妻を起こす

 この春、私の姪は京都のとある短期大学に通うことになった。姪は自らが志望する進路にあわせて大学を選び、それは偶然、私の住まいから徒歩10分という距離にある大学だった。
 姪の入学を祝うため、入寮式の当日、私は姉夫婦(姪の両親)と共に、私の家の近くの料亭に席を設けた。祝いの席であると同時に、姪が兵庫の実家を出る惜別の宴でもあった。
 私たちが通された料亭の部屋はそんな席にふさわしく簡素で落ち着き、ガラス戸の向こうに見える京風の庭は、朝から降る春の柔らかな雨にしっとりと濡れていた。
 その席には、姪の祖母も招いていた。
 宴がかなり進んだ頃、ふと、姉が思い出したようにこんな事を言い出した。
「今朝ね、お義母さんね、お義父さんに起こしてもらったのよ。」
私は何のことだかよく意味が分からなかった。義父は数ヶ月前に他界しているのだ。きょとんとしている私に気づき、姉は説明を始めた。

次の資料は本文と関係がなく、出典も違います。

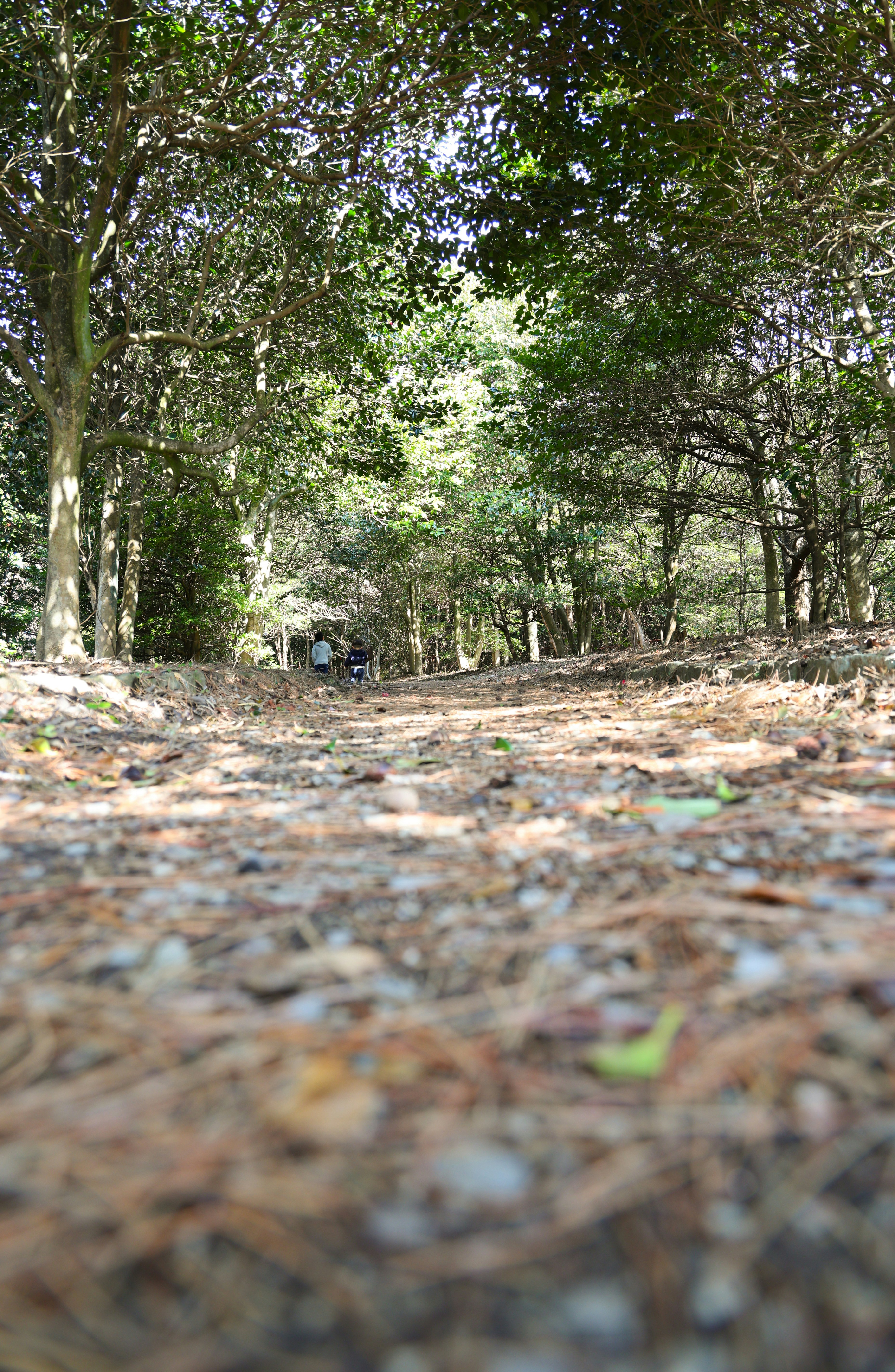 pemandangan jalur hutan di antara pepohonan gambar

 義父が他界した時にはすでに孫の大学への進学は決まっていた。かわいい孫の大学入学は、彼にとっては大きな喜びであったはずである。と同時に、遠く離れた京都の地へ孫を一人旅立たせることを大変に心配していたはずである。
 だから旅立ちの日の今日、義父は現れたのだ。
 そして、眠っている彼の妻に、こう声をかけたのだそうだ。
「おい、今日は京都へ行くんやろ。早よ起きや。」
 彼女はすぐに目覚めることはなく、その声をきっかけに彼の姿を夢で見た。
 彼女の夫は生前の姿そのままに、家の前の畑にいた。彼女に背を向けた格好で畦に佇んでいた。そして、畑に向かって放尿を始めた。
 あまりの懐かしさに彼女はしばらく見とれていたが、先程の夫の言葉を思い出し、慌てて目を覚ました…。

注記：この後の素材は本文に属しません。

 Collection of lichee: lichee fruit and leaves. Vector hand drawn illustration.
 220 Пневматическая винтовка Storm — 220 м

「だから、今日、この席に、きっとお義父さん、来てると思うの。」

 姉はそう言う。私もそう思った。この部屋のどこかにいる姪の祖父が、生前と同じように、柔和で暖かなまなざしをかわいい孫に向けている、そんな気がしてならなかった。

 しんみりした気分は長くは続かず、宴は楽しく盛り上がり終わりを迎えた。
 荷物を持ち、軽く回った酔いを心地よく感じながら私は立ち上がった。
 そして部屋から出る直前、ふと振り返ったガラス戸の向こうの庭に、生前義父がよく着ていた作業着がチラっと見えたのは、おそらく私の気のせいなのだと思う。

 雨は何時しか上がっていて、部屋には春の光が差していた。